Temer touted the "absolute success" of Thursday's auction of rights to operate four airports, which drew nearly double the minimum bids in a gauge of investors' appetite for a new wave of privatizations his administration has launched.
To highlight a return to growth, Temer himself announced on Thursday that the Brazilian economy had added 35,612 payroll jobs in February, a statistic that is normally published by the Labor Ministry.
"Inflation is slowing and the forecast is it will be below the target by the end of the year," he said, referring to the central bank's 4.5 percent target.
Temer added that passage of proposed reforms of the country's costly social security system and modernization of outdated labor laws remained essential for the success of his plan to bring the budget deficit under control and pull the economy out of a "very violent" recession, its worst on record.

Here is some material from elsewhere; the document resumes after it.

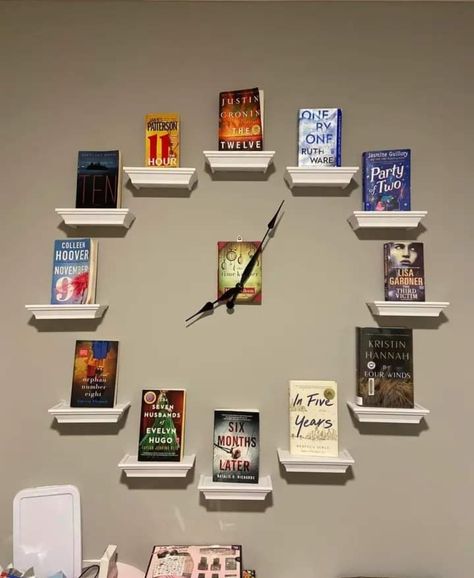 Book Shelf Ideas, Ruth Ware, Book Clock, Clock Diy, Sarah Richardson, Kristin Hannah, Jessica Williams, James Patterson, Clock Wall Art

Temer, a business-friendly centrist, acknowledged that his unpopular pension reform bill, which drew protests across Brazil this week, will undergo changes in Congress, but he urged lawmakers to adopt the basic proposal.
With the Car Wash corruption investigation reportedly targeting six of his ministers and top allies in Congress, political uncertainty clouds Temer's future.
As he highlighted the advances of Brazil's timid recovery at Friday's event, the most dynamic sector of the economy and driver of its exports came under investigation.
Police raided dozens of offices of meatpackers, including industry giants JBS SA and BRF SA, to investigate alleged bribery of inspectors to overlook unsanitary practices such as processing of rotten meat.